Mission accomplished. 

Following Portland's 48-point win, tied for its second-largest in franchise history, Stotts lauded a bench unit of Anfernee Simons, CJ Elleby, Nassir Little, Harry Giles III and Enes Kanter for holding onto the rope defensively during an inconsequential fourth quarter.

"What I liked most with that group is we wanted to continue with the defense. We wanted to hold 'em under 90, and we did a good job with that," he said. "We've had games this year, not many, but we've had some games where that group would come in and give up a lot of points. So I was most pleased with what they did as a group defensively and maintaining the margin that we had."
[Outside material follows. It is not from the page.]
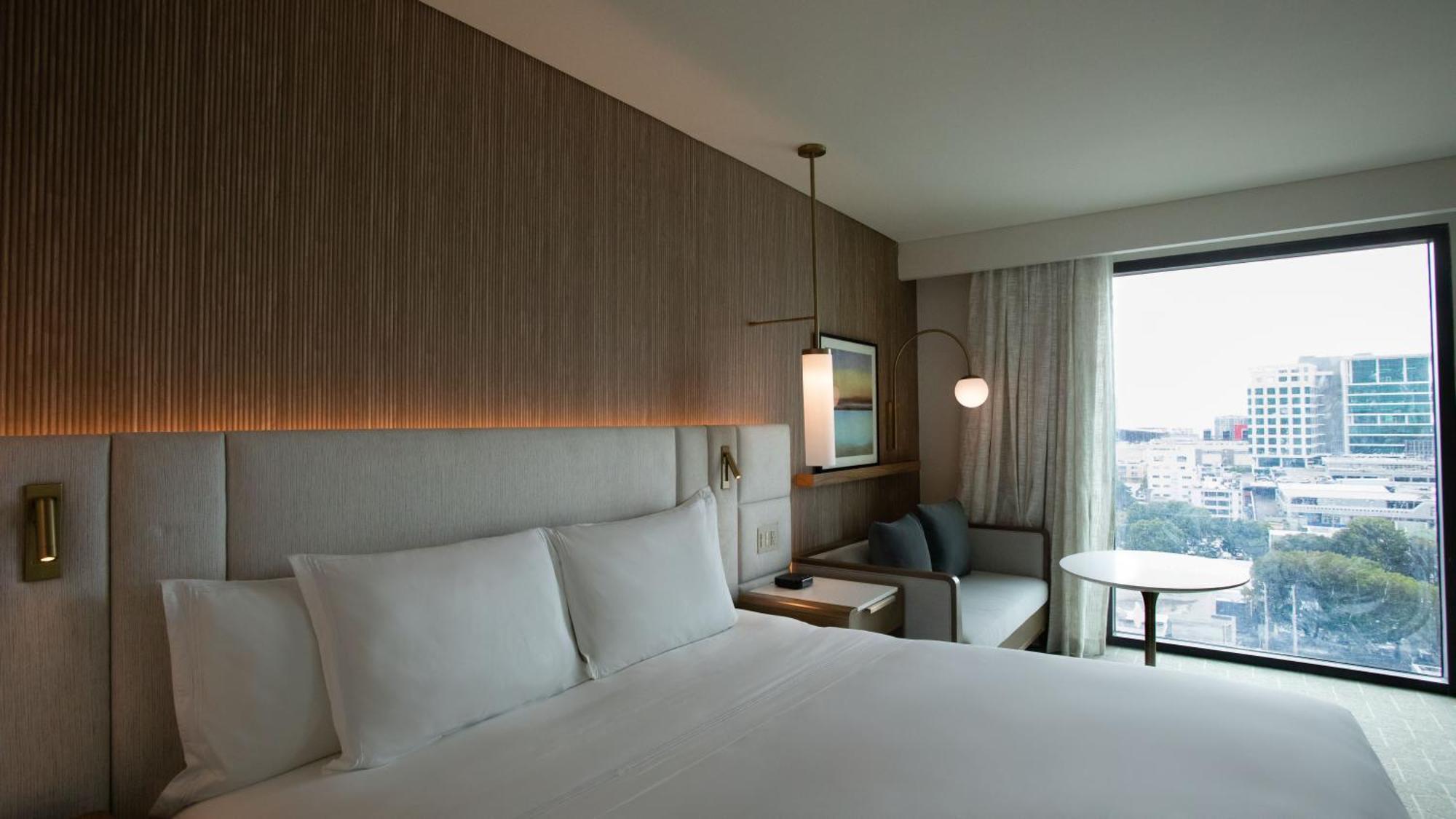 Courtyard By Marriott Santo Domingo Piantini Hotel Exterior photo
Keeping a Thunder team playing without Shae Gilgeous-Alexander, Al Horford, Luguentz Dort, Mike Muscala and Darius Bazley below 31 points in a quarter is only cause for so much celebration. Oklahoma City's 26 points during the final stanza were the second-most it scored in any quarter on Saturday night. It entered the game's last 12 minutes with a minuscule offensive rating of 74.7, finishing at 81.7.

Clearly, Portland's reserves didn't quite dominate defensively the way its starters did in the first and third quarters. But Stotts was looking for effort and engagement in meaningless minutes more than anything else, and the Blazers gave it to him.
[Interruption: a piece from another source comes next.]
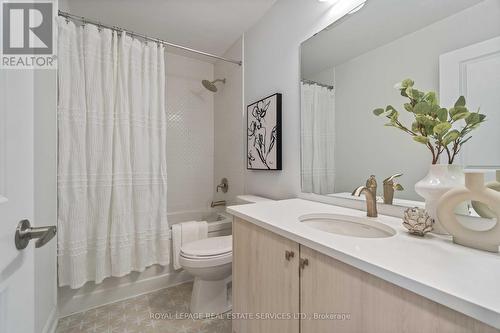 5 Admiral Road, Welland, ON - Indoor Photo Showing Bathroom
Elleby, especially, refused to take his foot off the gas, making the most of his first extended court time in nearly two weeks.

The Thunder shot 8-of-22 overall and 2-of-12 from three in the fourth quarter. They scored just two baskets in the restricted area and managed only two assists. Portland's defensive rating during the fourth? 104.0, not up to the Blazers' outlier game-long standard, but still comfortably better than the Los Angeles Lakers' league-leading mark.

No one outside the locker room will remember Portland's reserves rising to Stotts' challenge against Oklahoma City. Habits matter, though, and the Blazers won't be able to turn their oft-porous defense around before the playoffs without prioritizing them every time they take the floor – no matter circumstances of time, score and even personnel.